ただし、この部門は世間様に大っぴらにされていないため、少数精鋭で行っているとのこと。3チームあり1チーム最大7人で、作業員は日本に出稼ぎに来ている外国人だと言うのだ。何にも分からない外国人を、事故物件にあてる…闇だな。うん。
で、日本人は彼らの監督(監視)というわけ。なぜならば彼らはすぐに休む(サボる)からだ。
専門部隊の人数に対して、案件の数が多いため(なにせ全国規模だ)ひとつの現場にだらだらと時間をかけていられないから、集中してサッサと終わらせなければならない。

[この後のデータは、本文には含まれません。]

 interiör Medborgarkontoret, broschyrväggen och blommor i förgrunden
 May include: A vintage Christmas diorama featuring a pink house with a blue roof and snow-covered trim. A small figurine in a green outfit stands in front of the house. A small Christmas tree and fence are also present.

そこで俺は1つ気になった。心霊にそれなりに心得のあるものがいるのか?という事だ。今のところそれを臭わせるような説明は一切ない。
「あのーところで、心霊の専門家はいるんですか?」
「え?いや?いないよ」
なんだよそれ!それじゃ事故物件専門とは名ばかりじゃないか!
「ちなみに、その外国人の人らは心霊現象には…」
「バッリバリ遭うね!」
「マジすか!大丈夫なんですか?なんか対処とか…」
「ないよ!」
「辞めないんですか?」
「辞める人もいるけど、ほとんどは続けるね。彼らはものすごぉぉぉぉおおおく!お金が欲しいからね。誰か辞めたとしても、その後ろには控え選手がいるから問題ないんだよ」
「そんなもんですか…」
「そんなもんだよ」
なんか、うまく言いくるめられている気がする…。
「加神君…きみ、初日で辞職とか考えてないよね?」
「え?いや…そこまでは。正直、ピンとこないんですよねぇ〜心霊現象とか。俺、全っ然感じたことも見たこともないですし。信じようがないっていうか」
「ほう!それはそれは頼もしい」
丸山がニヤリと笑った。
「俺も同じだったよ。今だに見えないが、信じざるを得ないというか、現場の状況を見てるとねぇ…いるんだろうなと」
「そんなもんですか」
「そんなもんだよ。まぁ、現場に入る前に一度他のチームを見学しに行こうか」
「そうっすね」
気づいたら口調が気安くなってしまっていたが、丸山は気にしてないみたいだしいいだろ。それにしても、訳あり案件とはなぁ…俺が今更ながらに条件に対して高収入の裏に思いを馳せていると、それまで黙ってやり取りを見ていた最上ちゃんが声を上げた。